Sharko comprenait mieux à présent la démarche du bonhomme. Il offrait une visite guidée dans l’univers de Napoléon Chimaux mais, en contrepartie, il avait ses petites exigences. Le commissaire décida d’entrer dans son jeu :
— Bien sûr, vous l’aurez en temps et en heure, et en exclusivité. (Il lut un bref éclat de jouissance dans les yeux de Lenoir.) Mais je vous demanderais de ne surtout rien ébruiter pour le moment, tant que notre enquête est en cours.
L’anthropologue acquiesça et déposa le DVD dans la main tendue du commissaire.
— Évidemment. Permettez-moi d’insister mais… J’aimerais comprendre comment vous avez obtenu ce document exceptionnel et d’une incroyable cruauté. D’où vient-il ? Qui vous l’a donné ?
Sharko prit son mal en patience et lui expliqua brièvement les grandes lignes de l’enquête, tandis que Lucie faisait le tour de la pièce. Lenoir n’avait jamais entendu parler de Stéphane Terney, ni d’Éva Louts, ni de Phénix.

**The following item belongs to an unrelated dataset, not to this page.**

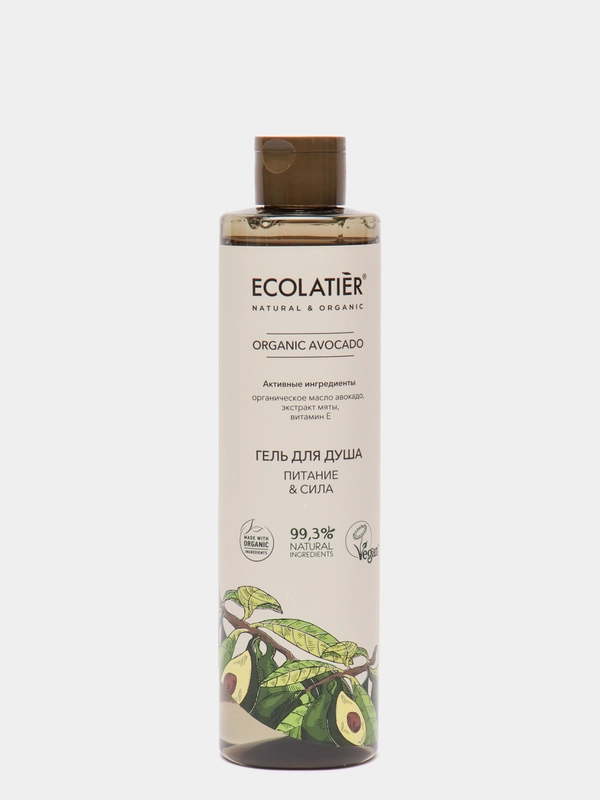Ecolatier Green Гель для душа Питание & Сила ORGANIC AVOCADO, 350 мл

— Nous aimerions à notre tour vous poser des questions, intervint Lucie en revenant auprès des deux hommes. En fait, pour être clairs, nous aimerions tout savoir sur Napoléon Chimaux et cette tribu.
Leurs voix résonnaient, alors que dehors, la pluie crépitait de plus en plus fort sur le toit. Yves Lenoir contempla le ciel quelques secondes.
— La tribu qui vous intéresse s’appelle les Ururu. Une tribu amazonienne qui reste, à ce jour, l’une des plus méconnues.
Il sortit un livre de sa besace, ainsi qu’une carte géographique qu’il rempocha aussitôt. L’ouvrage était abîmé, la couverture racornie. Il était assez épais. Un livre signé Napoléon Chimaux.
— Napoléon Chimaux… murmura Lenoir.
Il avait prononcé ce prénom et ce nom comme s’il s’agissait d’un blasphème. Il présenta la photocopie couleur d’un portrait à Sharko.
— C’est l’une des rares photos récentes que l’on possède de lui. Elle a été prise à la sauvette, au téléobjectif, il y a un an, en pleine jungle. Chimaux est l’anthropologue français qui a découvert les Ururu en 1964, dans l’une des zones les plus reculées et inexplorées de l’Amazonie. À l’époque, celle des jours les plus noirs de la dictature brésilienne, Chimaux n’avait que vingt-trois ans. Il suivait les traces de son père, Arthur, l’un des plus grands explorateurs du siècle passé, mais aussi l’un des moins recommandables. Quand Arthur revenait entre deux expéditions, c’était ici, à Vémars. En dépit de toutes les merveilles qu’il avait vues, je crois qu’il aimait retrouver la simplicité d’un endroit comme celui-ci.